• _Aim of the task_
Your output should reproduce each entry exactly, with none of its pictures.

++++++

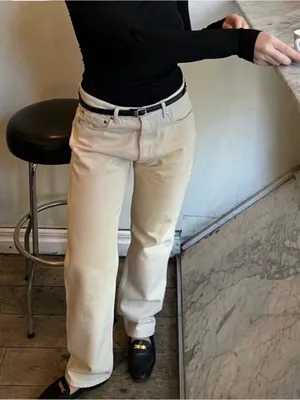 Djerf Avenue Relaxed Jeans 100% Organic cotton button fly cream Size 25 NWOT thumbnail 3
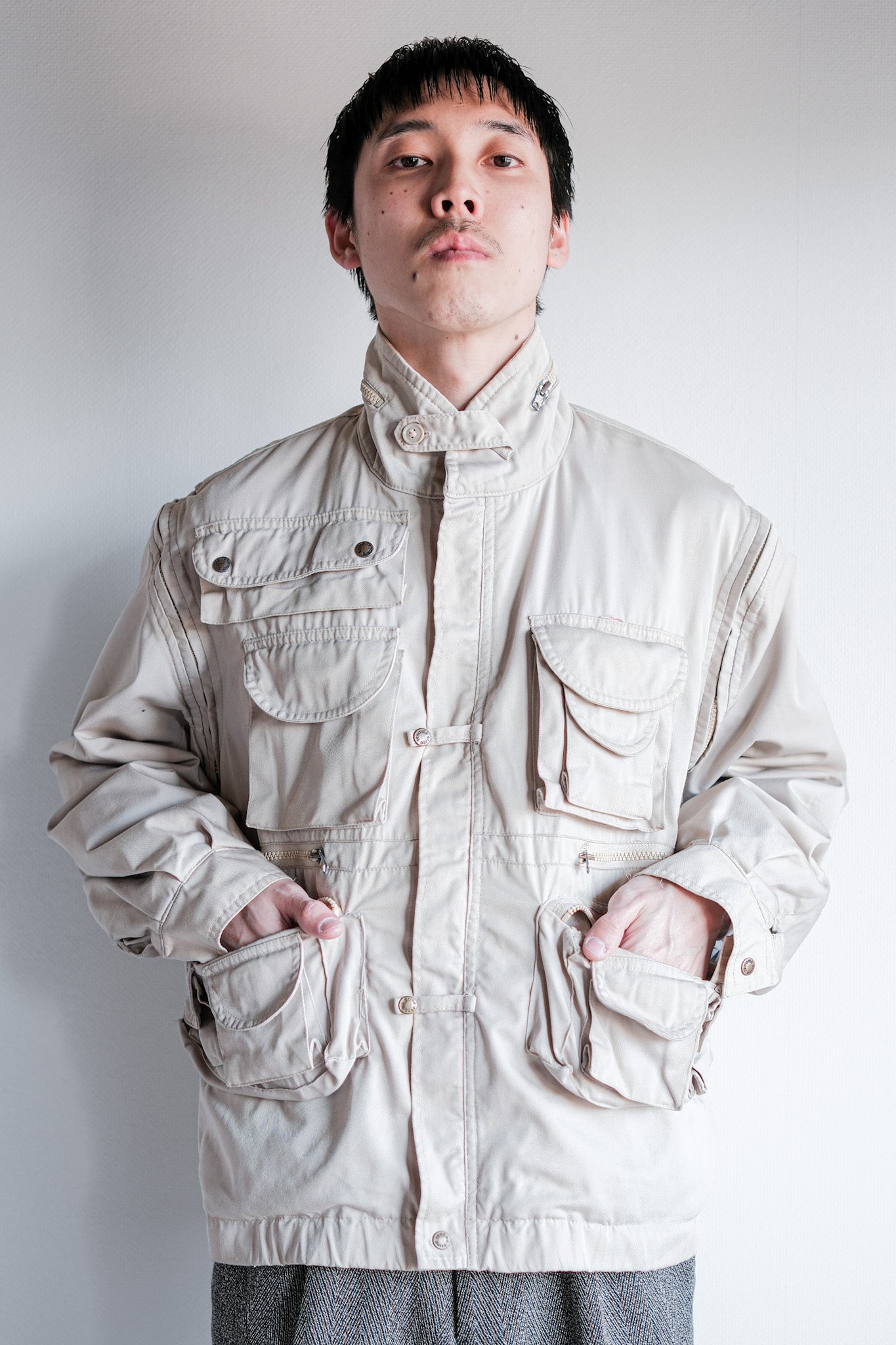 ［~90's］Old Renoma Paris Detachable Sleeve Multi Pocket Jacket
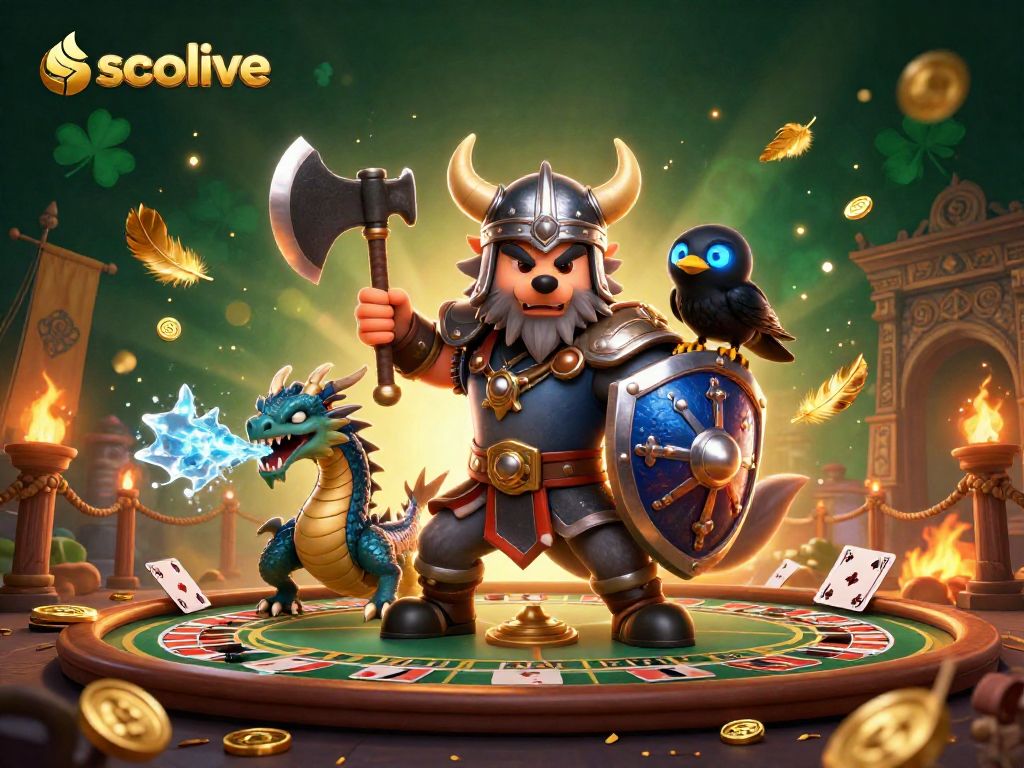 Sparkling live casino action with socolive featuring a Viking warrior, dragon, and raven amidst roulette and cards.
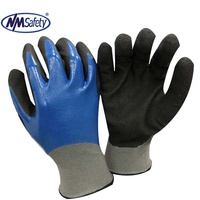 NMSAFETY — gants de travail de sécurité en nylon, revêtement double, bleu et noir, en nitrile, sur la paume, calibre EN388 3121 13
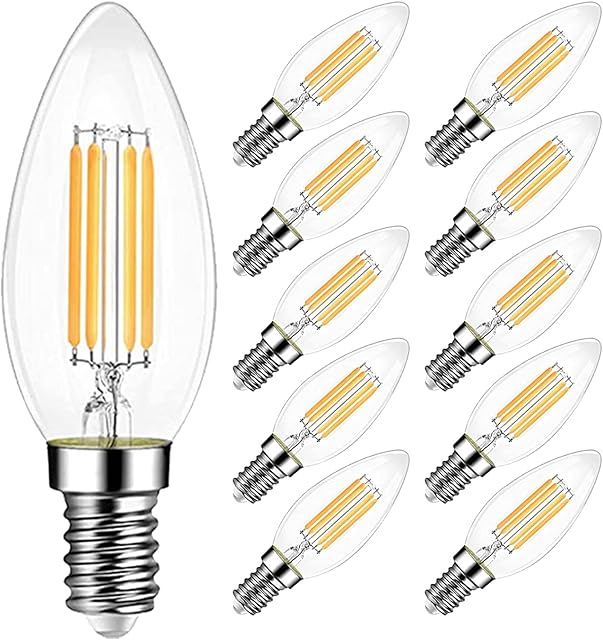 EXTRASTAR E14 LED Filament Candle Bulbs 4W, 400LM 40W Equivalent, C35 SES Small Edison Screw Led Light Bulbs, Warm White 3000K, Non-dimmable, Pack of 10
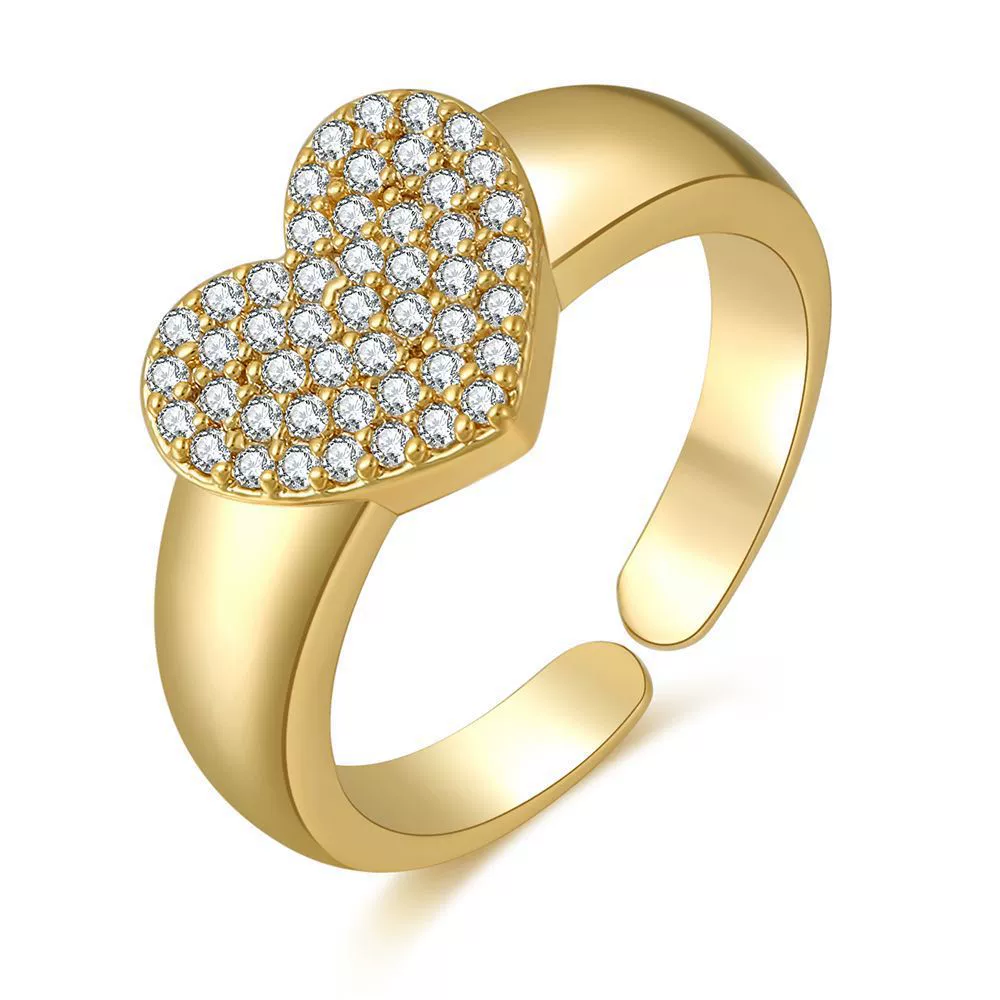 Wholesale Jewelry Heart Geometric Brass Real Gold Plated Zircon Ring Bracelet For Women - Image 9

++++++

• _Task output_
 Djerf Avenue Relaxed Jeans 100% Organic cotton button fly cream Size 25 NWOT thumbnail 3
 ［~90's］Old Renoma Paris Detachable Sleeve Multi Pocket Jacket
 Sparkling live casino action with socolive featuring a Viking warrior, dragon, and raven amidst roulette and cards.
 NMSAFETY — gants de travail de sécurité en nylon, revêtement double, bleu et noir, en nitrile, sur la paume, calibre EN388 3121 13
 EXTRASTAR E14 LED Filament Candle Bulbs 4W, 400LM 40W Equivalent, C35 SES Small Edison Screw Led Light Bulbs, Warm White 3000K, Non-dimmable, Pack of 10
 Wholesale Jewelry Heart Geometric Brass Real Gold Plated Zircon Ring Bracelet For Women - Image 9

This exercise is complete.